§ **Collected material**:
■ ■ ■ ■ ■

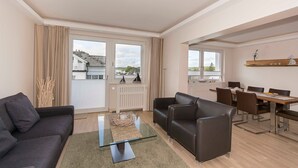 Un salon moderne avec une table basse en verre, un canapé, une table à manger avec des chaises et de grandes fenêtres avec des rideaux.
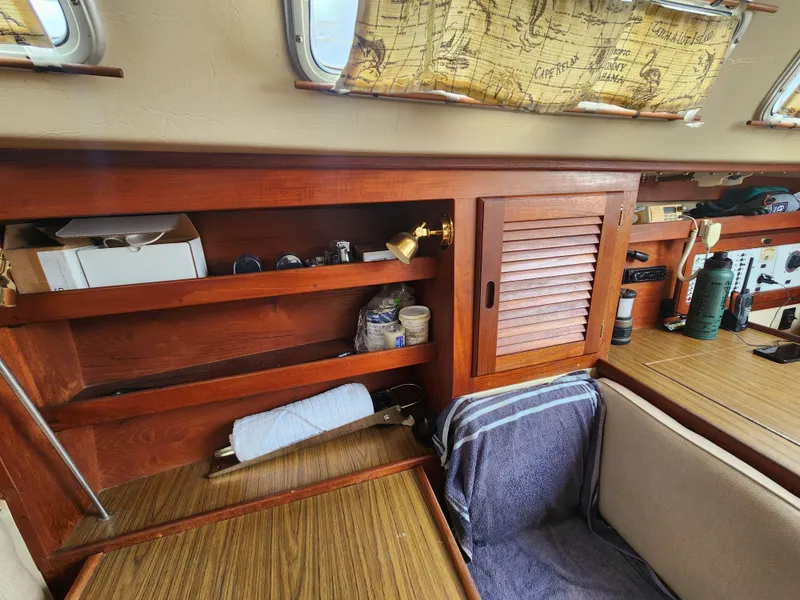 Slide: The Image of 1987 Catalina 36 sailboat interior with wooden shelves and nautical decor. - 30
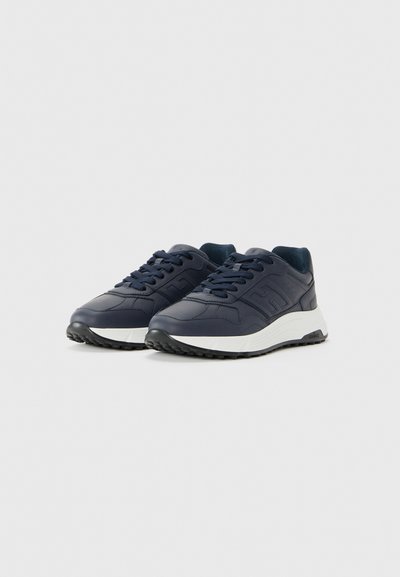 Un paio di sneaker in pelle blu navy con suole spesse bianche e suole esterne testurizzate nere, dotate di logo in rilievo sui lati e lacci blu.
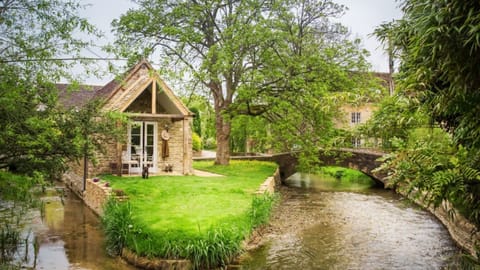 Filly Island is a truly romantic place to relax, set within the tranquil village of South Cerney and accessed via a humpback bridge over the River Churn.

■ ■ ■ ■ ■

§ **The problem**: Print the data exactly, from its first line to the line containing "Slide: The Image", both included. Omit the pictures.

§ **Your response**:
 Un salon moderne avec une table basse en verre, un canapé, une table à manger avec des chaises et de grandes fenêtres avec des rideaux.
 Slide: The Image of 1987 Catalina 36 sailboat interior with wooden shelves and nautical decor. - 30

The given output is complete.